# Portable thrower comparison with lots of graphs



## The_Driver (Aug 15, 2017)

*Here* I have created a google spreadsheet which compares the throw of all the portable (battery powered and handheld) throwers which I have found out about through the years. It doesn't matter if they are stock or modded or what light source they have. It also includes many different graphs for comparing them. Each light is linked in the first sheet. *Generally the light should throw farther than the current best stock led thrower, the Thrunite TN-42 which does around 700kcd *(excluding speciality/short-arc HIDs and incans).
At the bottom the different tabs can be clicked on (one per graph) and there is a button to the left which opens a pop-up with a list of all the tabs.

I will gladly add any additional lights you might know if you can provide a link to a description and a throw measurement.


----------



## richbuff (Aug 15, 2017)

Thank you for posting this comprehensive and valuable data. This is exactly what I have been looking for.


----------



## A_L_R_O_M (Aug 15, 2017)

richbuff said:


> Thank you for posting this comprehensive and valuable data. This is exactly what I have been looking for.

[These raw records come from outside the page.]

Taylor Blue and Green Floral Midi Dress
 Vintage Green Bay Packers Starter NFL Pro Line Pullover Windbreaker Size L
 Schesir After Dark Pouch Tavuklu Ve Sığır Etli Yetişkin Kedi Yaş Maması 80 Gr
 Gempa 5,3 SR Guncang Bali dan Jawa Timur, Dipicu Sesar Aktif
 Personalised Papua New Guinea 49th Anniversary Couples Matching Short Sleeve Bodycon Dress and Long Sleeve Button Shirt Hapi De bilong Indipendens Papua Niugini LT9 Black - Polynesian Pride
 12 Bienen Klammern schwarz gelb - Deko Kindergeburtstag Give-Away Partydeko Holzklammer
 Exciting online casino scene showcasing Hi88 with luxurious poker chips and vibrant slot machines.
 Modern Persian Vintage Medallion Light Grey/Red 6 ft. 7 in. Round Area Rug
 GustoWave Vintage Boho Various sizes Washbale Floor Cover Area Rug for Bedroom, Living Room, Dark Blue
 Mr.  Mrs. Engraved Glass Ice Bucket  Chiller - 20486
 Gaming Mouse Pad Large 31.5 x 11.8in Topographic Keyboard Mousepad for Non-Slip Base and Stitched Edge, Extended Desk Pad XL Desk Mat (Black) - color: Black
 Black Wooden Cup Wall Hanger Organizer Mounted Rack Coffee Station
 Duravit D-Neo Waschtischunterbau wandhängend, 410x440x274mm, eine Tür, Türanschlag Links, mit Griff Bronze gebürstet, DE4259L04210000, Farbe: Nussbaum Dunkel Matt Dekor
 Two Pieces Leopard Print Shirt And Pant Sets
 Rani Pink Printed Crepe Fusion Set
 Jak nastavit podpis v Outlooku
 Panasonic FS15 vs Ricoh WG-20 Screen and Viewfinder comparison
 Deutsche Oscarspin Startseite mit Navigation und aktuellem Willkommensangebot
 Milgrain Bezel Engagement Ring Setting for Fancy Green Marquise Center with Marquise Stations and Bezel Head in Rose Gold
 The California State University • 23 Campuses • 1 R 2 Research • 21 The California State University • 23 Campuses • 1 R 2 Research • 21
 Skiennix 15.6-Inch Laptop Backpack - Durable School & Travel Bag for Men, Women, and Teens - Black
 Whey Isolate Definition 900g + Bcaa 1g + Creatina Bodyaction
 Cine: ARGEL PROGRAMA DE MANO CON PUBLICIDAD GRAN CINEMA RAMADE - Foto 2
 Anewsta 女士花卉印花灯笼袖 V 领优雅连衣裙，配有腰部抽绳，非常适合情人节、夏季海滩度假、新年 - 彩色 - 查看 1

I just wanted to create my own short-arc beamshots and saw this thread.
Will read now


----------



## A_L_R_O_M (Aug 15, 2017)

I need to do some measurements to get into that list )


----------



## The_Driver (Aug 16, 2017)

Yes, of course. The farther the distance you measure at, the better. It would be nice if you also determine the diameter of the large opening of the reflector of each light.


----------



## PolarLi (Aug 20, 2017)

Thank you for posting! Appreciate all the work that went into that list :thumbsup:

I also see that I need to buy some batteries and a inverter for a certain beast


----------



## A_L_R_O_M (Aug 20, 2017)

PolarLi said:


> Thank you for posting! Appreciate all the work that went into that list :thumbsup:
> 
> I also see that I need to buy some batteries and a inverter for a certain beast


Ohh, i love to see you!


----------



## mrsteel (Aug 27, 2017)

The_Driver said:


> *Here* I have created a google spreadsheet which compares the throw of all the portable (battery powered and handheld) throwers which I have found out about through the years. It doesn't matter if they are stock or modded or what light source they have. It also includes many different graphs for comparing them. Each light is linked in the first sheet. Generally the light should throw farther than the current best stock led thrower, the Thrunite TN-42 which does around 700kcd.
> At the bottom the different tabs can be clicked on (one per graph) and there is a butto to the left which opens a pop-up with a list of all the tabs.
> 
> I will gladly add any additional lights you might know if you can provide a link to a description and a throw measurement.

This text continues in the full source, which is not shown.